(Collection entries)
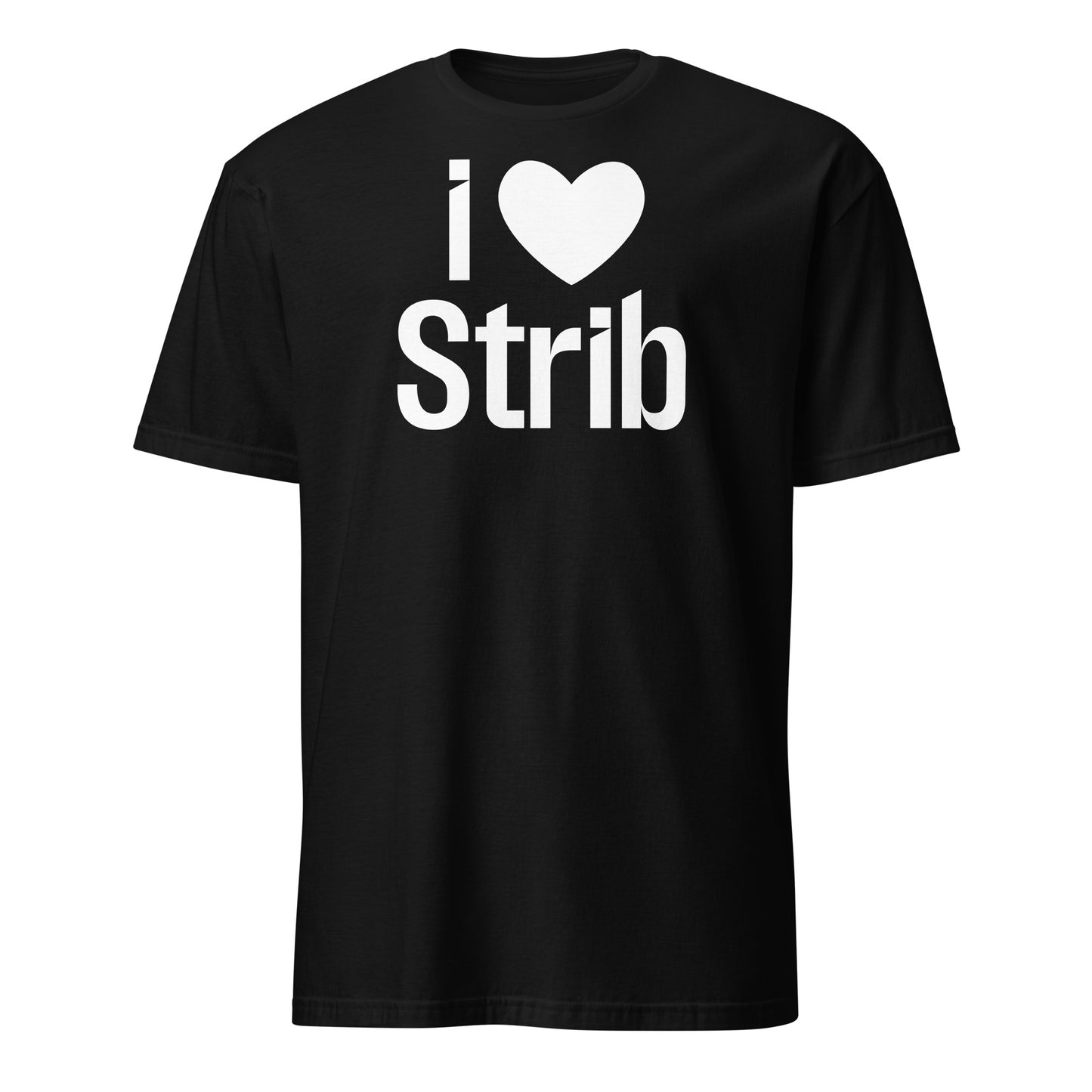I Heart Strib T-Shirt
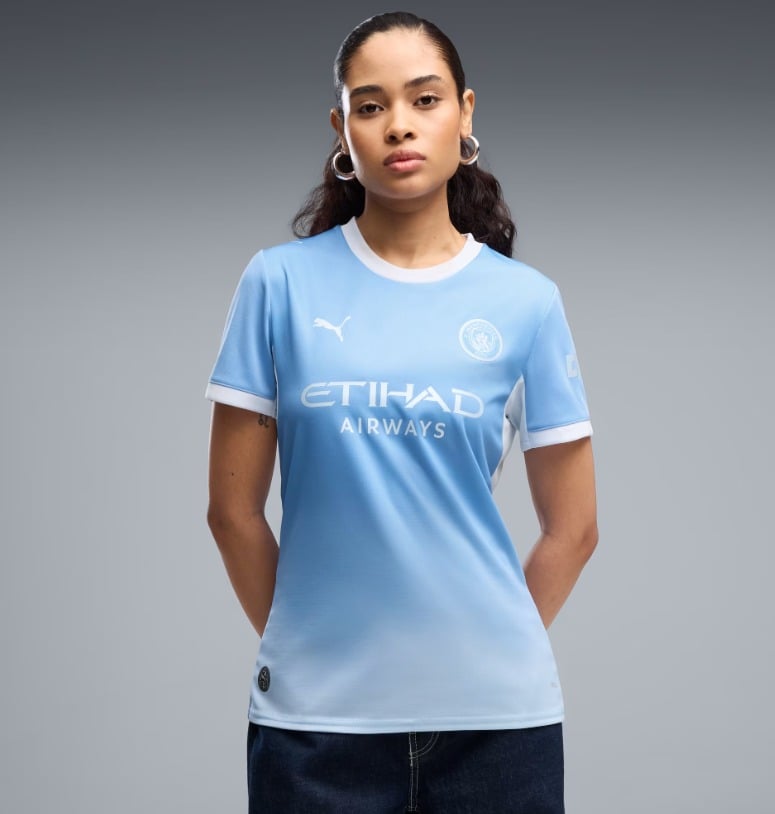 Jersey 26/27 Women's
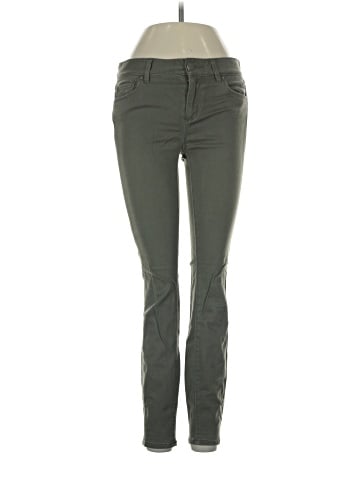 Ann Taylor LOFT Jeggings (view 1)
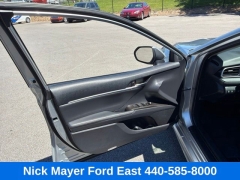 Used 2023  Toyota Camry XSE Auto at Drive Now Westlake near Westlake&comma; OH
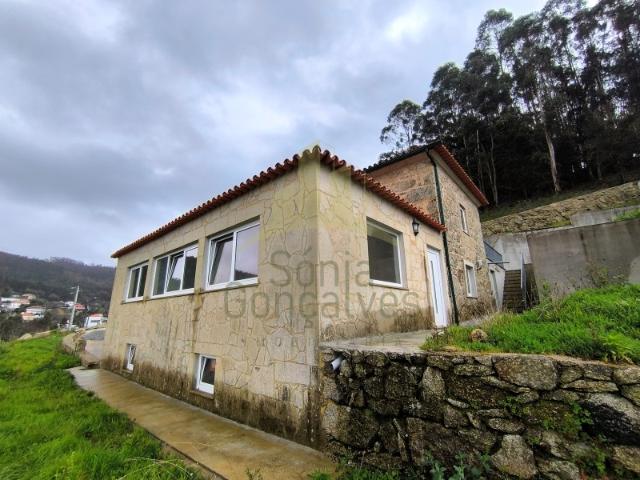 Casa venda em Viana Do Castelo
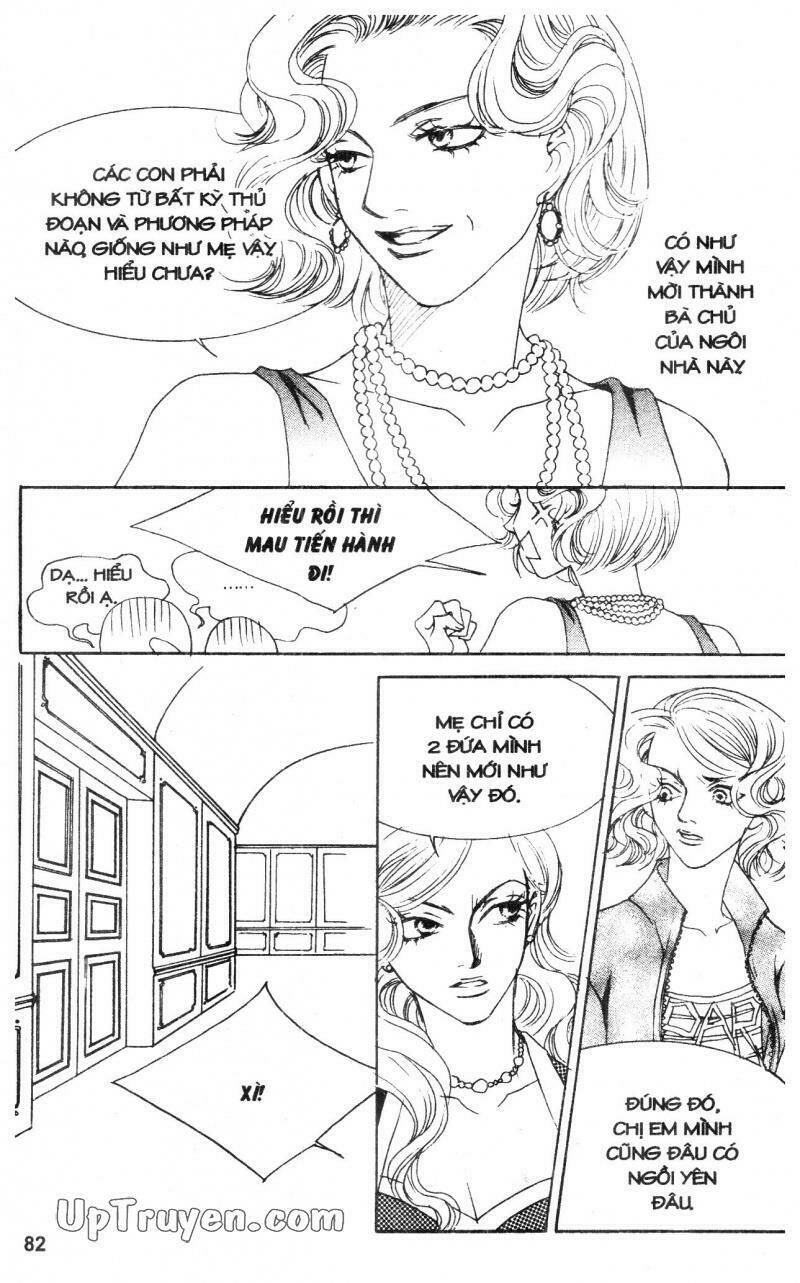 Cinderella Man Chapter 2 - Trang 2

#### PROBLEM TO WORK ON:
An exact reproduction of the data is required, with pictures excluded.

#### EXERCISE RESULT:
I Heart Strib T-Shirt
 Jersey 26/27 Women's
 Ann Taylor LOFT Jeggings (view 1)
 Used 2023  Toyota Camry XSE Auto at Drive Now Westlake near Westlake&comma; OH
 Casa venda em Viana Do Castelo
 Cinderella Man Chapter 2 - Trang 2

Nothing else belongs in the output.